No es que lo diga yo. Simplemente lo suscribo. Lo anuncia el propio Leonard en el hotel de Estocolmo en el que se hospedan en su viaje a la capital sueca, donde se encuentran para acompañar a Sheldon y Amy a recoger el tan ansiado Nobel de Física. Tras enterarse de que Leonard y Penny están embarazados -bien, ella lo está, hay que ser imbécil redomado para usar el plural para describir un estado de gestación-, Sheldon muestra por enésima vez su egocentrismo desmedido: en vez de alegrarse por sus dos mejores amigos, se siente aliviado porque los síntomas de Penny no son producto de una enfermedad contagiosa, como temía, y por lo tanto su gran día no corre peligro de verse alterado por un inoportuno incendio de virus infecciosos. Leonard, cabreado y dolido, le dice a Penny: «Por una vez después de tantos años podría preocuparse por los sentimientos de los demás». Touché, señor Hofstatder. Los guionistas siembran en esta frase la simiente del bonito final de la serie.
Ya en la gala de los Nobel, y tras un desaprovechado discurso de Amy, llega el turno de los agradecimientos de Sheldon. Por supuesto, lleva veinte páginas redactadas con elogios a sí mismo. Para sorpresa de todos los presentes, Sheldon decide prescindir del discurso prefabricado y hablar desde el corazón. Es en ese momento cuando la Tierra deja de ser plana. Es en ese momento cuando nace Sheldon, la persona, y muere Sheldon, el personaje. Uno por uno hace levantar a sus amigos y amigas y les dedica una palabras profundamente emotivas, a su pareja Amy incluida. El colofón de este arranque de humanidad en el hasta entonces robótico Doctor Cooper es el siguiente: «Os quiero».
Sheldon quiere a su grupo de amigos. A pesar de todo, tiene la capacidad de amar. Ese es su gran logro, olvidaos del Nobel. Esas dos palabras arrancan de sus adentros un multiverso desconocido para él, el de los sentimientos. Tanto mirar allá fuera, al vasto Universo, y a Sheldon jamás se le había ocurrido mirar aquí dentro, al inabarcable hombre. Amy, Leonard, Howard, Raj, Bernadette y Penny aceptan sus palabras emocionados, como un niño el primero helado del verano. Big Bang llega a su fin.

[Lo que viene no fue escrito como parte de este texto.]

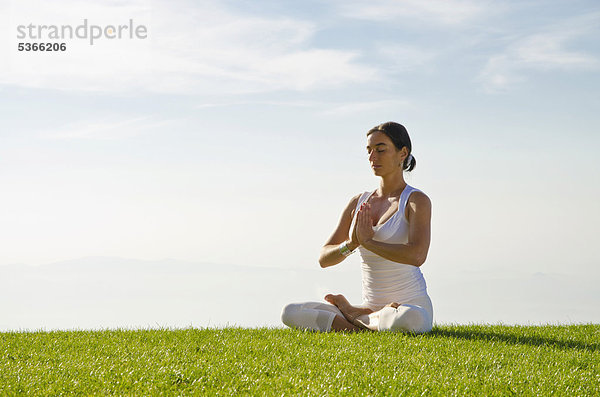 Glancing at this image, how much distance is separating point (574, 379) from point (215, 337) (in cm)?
360

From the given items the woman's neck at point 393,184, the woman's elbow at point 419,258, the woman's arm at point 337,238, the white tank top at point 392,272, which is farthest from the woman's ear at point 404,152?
the woman's elbow at point 419,258

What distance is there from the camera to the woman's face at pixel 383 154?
7512mm

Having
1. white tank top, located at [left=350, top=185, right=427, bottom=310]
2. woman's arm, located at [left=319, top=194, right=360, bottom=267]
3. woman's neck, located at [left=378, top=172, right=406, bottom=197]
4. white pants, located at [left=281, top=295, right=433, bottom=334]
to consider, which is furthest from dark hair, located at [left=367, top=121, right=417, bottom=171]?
white pants, located at [left=281, top=295, right=433, bottom=334]

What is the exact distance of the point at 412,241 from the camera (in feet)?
23.6

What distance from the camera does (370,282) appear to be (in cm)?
769

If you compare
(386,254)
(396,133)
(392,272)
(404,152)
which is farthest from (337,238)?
(396,133)

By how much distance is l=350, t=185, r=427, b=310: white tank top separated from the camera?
7.38 metres

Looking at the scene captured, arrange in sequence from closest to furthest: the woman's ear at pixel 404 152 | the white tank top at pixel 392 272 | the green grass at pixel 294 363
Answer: the green grass at pixel 294 363, the white tank top at pixel 392 272, the woman's ear at pixel 404 152

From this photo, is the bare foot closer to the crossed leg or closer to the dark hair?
the crossed leg

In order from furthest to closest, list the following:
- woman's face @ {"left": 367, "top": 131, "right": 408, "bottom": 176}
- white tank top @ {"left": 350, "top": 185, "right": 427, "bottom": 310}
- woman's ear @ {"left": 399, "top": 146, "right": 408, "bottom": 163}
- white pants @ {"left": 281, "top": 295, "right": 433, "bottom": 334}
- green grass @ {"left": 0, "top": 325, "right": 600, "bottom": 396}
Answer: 1. woman's ear @ {"left": 399, "top": 146, "right": 408, "bottom": 163}
2. woman's face @ {"left": 367, "top": 131, "right": 408, "bottom": 176}
3. white tank top @ {"left": 350, "top": 185, "right": 427, "bottom": 310}
4. white pants @ {"left": 281, "top": 295, "right": 433, "bottom": 334}
5. green grass @ {"left": 0, "top": 325, "right": 600, "bottom": 396}

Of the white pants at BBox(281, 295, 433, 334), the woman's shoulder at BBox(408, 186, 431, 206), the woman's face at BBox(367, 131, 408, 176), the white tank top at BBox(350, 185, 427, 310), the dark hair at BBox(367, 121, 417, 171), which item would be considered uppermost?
the dark hair at BBox(367, 121, 417, 171)

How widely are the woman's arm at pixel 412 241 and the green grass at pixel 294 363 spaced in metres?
0.84

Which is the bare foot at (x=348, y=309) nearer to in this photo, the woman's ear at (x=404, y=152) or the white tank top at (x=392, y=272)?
the white tank top at (x=392, y=272)

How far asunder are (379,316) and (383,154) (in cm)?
183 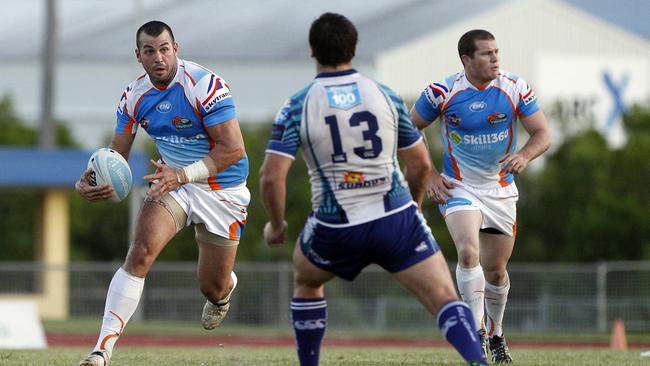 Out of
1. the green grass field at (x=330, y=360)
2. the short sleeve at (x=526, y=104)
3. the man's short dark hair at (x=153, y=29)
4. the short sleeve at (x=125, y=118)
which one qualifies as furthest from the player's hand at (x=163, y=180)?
the short sleeve at (x=526, y=104)

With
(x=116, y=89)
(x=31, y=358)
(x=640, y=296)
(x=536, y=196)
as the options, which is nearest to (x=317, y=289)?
(x=31, y=358)

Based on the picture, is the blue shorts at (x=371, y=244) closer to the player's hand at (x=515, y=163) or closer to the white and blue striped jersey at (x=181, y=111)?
the white and blue striped jersey at (x=181, y=111)

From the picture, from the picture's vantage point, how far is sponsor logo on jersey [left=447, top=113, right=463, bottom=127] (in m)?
11.6

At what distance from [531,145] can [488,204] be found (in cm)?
72

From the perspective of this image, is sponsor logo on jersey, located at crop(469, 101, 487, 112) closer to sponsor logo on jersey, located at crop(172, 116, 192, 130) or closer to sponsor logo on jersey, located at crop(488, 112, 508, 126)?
sponsor logo on jersey, located at crop(488, 112, 508, 126)

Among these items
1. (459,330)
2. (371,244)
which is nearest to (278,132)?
(371,244)

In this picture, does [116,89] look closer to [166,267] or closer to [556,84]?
[556,84]

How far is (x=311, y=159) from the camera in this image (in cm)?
845

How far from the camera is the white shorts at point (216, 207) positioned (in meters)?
10.7

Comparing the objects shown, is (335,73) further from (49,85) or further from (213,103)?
(49,85)

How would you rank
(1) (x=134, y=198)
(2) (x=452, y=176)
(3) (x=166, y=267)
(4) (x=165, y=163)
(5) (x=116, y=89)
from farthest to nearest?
(5) (x=116, y=89) → (1) (x=134, y=198) → (3) (x=166, y=267) → (2) (x=452, y=176) → (4) (x=165, y=163)

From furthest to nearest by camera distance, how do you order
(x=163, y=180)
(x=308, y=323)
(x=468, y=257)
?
(x=468, y=257), (x=163, y=180), (x=308, y=323)

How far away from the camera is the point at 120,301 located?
33.3ft

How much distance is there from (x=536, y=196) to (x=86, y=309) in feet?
45.3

Esta habitación no se vacía
Para hablar de la última escena de la serie, retomaremos la reflexión de las habitaciones vacías del primer párrafo. Estamos en la mítica casa de Leonard y Sheldon. Según los cánones de las sitcom, sería momento de abandonar aquel comedor para siempre. Los personajes se reúnen con los ojos cubiertos de rocío para despedirse de ese espacio, su mundo, por última vez. Uno por uno, van saliendo por la puerta, que se cierra para jamás volver a abrirse. Quizás, desde fuera, Sheldon la golpea tres veces mientras repite otras tantas veces la palabra adiós. Nada de eso. Big Bang termina en ese mismo comedor, sí, pero sin nadie yéndose de allí. Están cenando. Hablan. Ríen. Como tantas otras veces han hecho, como tantas veces harán. Esa es la gran virtud del final de la serie. No hay habitación vacía. The Big Bang Theory se funde a negro pero no así las vidas de sus protagonistas tal y como las hemos conocido. No los volveremos a ver, pero gracias a esa última escena sabemos que seguirán allí siempre. No hay vacío que nos vacíe esta vez.
Y, mientras vemos a ese tropa de genios locos y entrañables alejarse al ritmo de un zoom out parsimonioso, un big bang de satisfacción dibuja sonrisas cuánticas en nuestros rostros multidimensionalmente felices.